Deleuze, Vincennes Üniversitesinde verdiği 1971, 1972 ve 1973 tarihli derslerde, Guattari ile birlikte Anti-Ödipus’da Marxçı para teorisi hakkında geliştirdikleri düşüncelere geri döner.[1]  Bu teoriyi kredi ilişkisinin, yani borç ekonomisinin asimetrisinden hareketle tekrar okuyarak, ekonomik ve politik işlevlerin ayırt edilemez olduğu bir para anlayışının temellerini atarlar. Böylece paranın daha iyi anlaşılması için Foucault’nun kendi Nietzsche okuması tarafından öne sürülen “iktidar” kavramından yararlanırlar: Sermaye her şeyden önce, paranın yıkma/yaratma gücü vasıtasıyla icra edilen bir emretme ve buyurma iktidarıdır.

Neoliberal politikaların tesisinden çok önce yazılan ve düşünülen Anti-Ödipus ve bu dersler, borcun ve finansın; kapitalizmin patolojileri ya da bazı kişilerin açgözlülüğünün ve hırsının ifadesi olmak şöyle dursun, nasıl da, yatırımları yönlendiren ve böylece eski olanın “yıkılmasının ve yeni bir kapitalist dünya düzeninin “yaratılmasının biçimlerini belirleyen “stratejik dispozitifler” olduğunu anlamakta bize yardımcı olurlar. Finans ve banka sistemleri, ekonomi ile politikanın örtüştüğü bir yıkma/ yaratma politikasının merkezinde yer alırlar. Dolayısıyla iktidarların borç ekonomisi tarafından nasıl şekillendirildiğini anlamak istiyorsak, başlangıç olarak ekonomik olan ile politik olan arasındaki bu bağları ortaya koymamız gerekir.

Deleuze’ün derslerinde getirdiği eleştiri, paranın ifade ettiği ve iktisatçıların algılamakta güçlük çektiği iktidar farklılıkları üzerinde yoğunlaşır.
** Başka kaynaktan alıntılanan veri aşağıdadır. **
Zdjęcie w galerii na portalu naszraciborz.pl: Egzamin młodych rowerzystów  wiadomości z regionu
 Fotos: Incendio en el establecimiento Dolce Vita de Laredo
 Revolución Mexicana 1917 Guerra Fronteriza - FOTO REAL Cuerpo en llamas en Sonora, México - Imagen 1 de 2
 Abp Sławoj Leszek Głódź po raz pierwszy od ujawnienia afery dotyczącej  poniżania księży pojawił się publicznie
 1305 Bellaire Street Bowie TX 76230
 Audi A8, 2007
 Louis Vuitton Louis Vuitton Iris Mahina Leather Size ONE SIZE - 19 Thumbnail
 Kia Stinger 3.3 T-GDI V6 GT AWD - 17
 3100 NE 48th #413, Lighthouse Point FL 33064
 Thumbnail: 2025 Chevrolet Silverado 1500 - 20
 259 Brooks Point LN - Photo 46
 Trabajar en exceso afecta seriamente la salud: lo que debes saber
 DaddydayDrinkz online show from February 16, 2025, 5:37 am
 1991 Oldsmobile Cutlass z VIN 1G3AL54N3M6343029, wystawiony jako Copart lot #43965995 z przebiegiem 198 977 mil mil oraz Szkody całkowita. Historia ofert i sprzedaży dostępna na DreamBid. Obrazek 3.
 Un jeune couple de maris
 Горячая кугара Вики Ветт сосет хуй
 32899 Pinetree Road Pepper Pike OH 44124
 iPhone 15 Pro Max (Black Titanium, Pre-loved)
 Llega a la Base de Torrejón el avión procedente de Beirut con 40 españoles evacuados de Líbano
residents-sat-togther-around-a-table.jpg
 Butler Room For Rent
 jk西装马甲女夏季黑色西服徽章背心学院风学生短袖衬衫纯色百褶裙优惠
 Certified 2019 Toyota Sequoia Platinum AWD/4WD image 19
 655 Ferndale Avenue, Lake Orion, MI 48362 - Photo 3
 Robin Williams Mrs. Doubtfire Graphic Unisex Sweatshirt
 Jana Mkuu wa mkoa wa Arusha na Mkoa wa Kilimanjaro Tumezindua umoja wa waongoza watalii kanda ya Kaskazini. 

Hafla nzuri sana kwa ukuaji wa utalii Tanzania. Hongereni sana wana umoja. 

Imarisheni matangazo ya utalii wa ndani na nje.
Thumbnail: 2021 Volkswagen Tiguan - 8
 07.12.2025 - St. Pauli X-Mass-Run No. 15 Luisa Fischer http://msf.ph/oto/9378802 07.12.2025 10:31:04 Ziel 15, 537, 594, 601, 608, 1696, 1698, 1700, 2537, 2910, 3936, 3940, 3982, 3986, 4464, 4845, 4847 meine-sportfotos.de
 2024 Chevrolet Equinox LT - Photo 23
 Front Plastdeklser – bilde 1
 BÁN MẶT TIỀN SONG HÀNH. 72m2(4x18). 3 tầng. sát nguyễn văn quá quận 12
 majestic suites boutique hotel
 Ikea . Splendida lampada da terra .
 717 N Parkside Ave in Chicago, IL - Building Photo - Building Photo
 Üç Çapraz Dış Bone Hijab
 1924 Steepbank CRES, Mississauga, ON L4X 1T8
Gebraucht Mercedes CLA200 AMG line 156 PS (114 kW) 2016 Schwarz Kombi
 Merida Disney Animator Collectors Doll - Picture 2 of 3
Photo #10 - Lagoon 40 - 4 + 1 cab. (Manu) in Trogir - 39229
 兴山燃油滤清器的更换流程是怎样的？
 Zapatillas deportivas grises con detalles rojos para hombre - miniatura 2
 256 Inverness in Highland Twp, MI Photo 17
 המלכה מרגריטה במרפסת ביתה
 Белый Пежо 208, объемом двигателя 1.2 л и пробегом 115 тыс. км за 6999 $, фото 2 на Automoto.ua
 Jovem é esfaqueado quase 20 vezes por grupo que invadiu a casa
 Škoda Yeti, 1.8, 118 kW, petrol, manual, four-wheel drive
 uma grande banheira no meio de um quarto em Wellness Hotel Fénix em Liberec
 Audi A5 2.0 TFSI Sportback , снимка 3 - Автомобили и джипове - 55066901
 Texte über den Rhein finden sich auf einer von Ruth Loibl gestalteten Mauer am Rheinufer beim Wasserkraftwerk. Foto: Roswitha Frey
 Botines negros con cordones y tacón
Kapitalizm, paranın temelde, farklı iki biçimde işlediğini nesnel olarak gizler: Para, bir yandan gelir, öte yandan sermaye olarak davranmaktadır. İlk durumda, para, kapitalist üretim tarafından dayatılan, mevcut bir yığın malı satın alan ve iktidar ilişkilerini ve bu üretim için zorunlu yerleşik tabi kılma biçimlerim yeniden üretmekle sınırlı bir ödeme aracıdır (maaş ve gelir). İkinci durumdaysa, para finansman yapısı olarak işler (kredi parası ve finansın sözde-parası), yani para gelecekteki ürünleri ve malları, dolayısıyla da bunlara dayanak olan iktidar ve tabiiyet ilişkilerini seçme ve kararlaştırma olanağına sahiptir. Sermaye olarak para geleceği herkesten önce ele geçirir/satın alır.

Gelir-para, iktidar ilişkilerini, iş bölümünü ve yerleşik işlev ve rollerinin tayinini yeniden üretmekten fazlasını yapmaz. Buna karşın, sermaye olarak para ise bunları yeniden biçimlendirme kapasitesine sahiptir. Neoliberalizmle birlikte örneklik bir tarzda vuku bulan işte budur. Borç-para, Fordizmi yıkmak ve yeni bir kapitalist dünya yaratmak için kullanılan stratejik bir silahtı. [2]  Bundan böyle finans/borç basit bir uzlaşım ya da gerçek ekonominin basit bir işlevi değildir. Marx ve Lenin’in daha o zamandan bildiği gibi, toplumsal sermayeyi, “kolektif sermayedarı”, sermaye sınıfının “ortak” sermayesini temsil eder.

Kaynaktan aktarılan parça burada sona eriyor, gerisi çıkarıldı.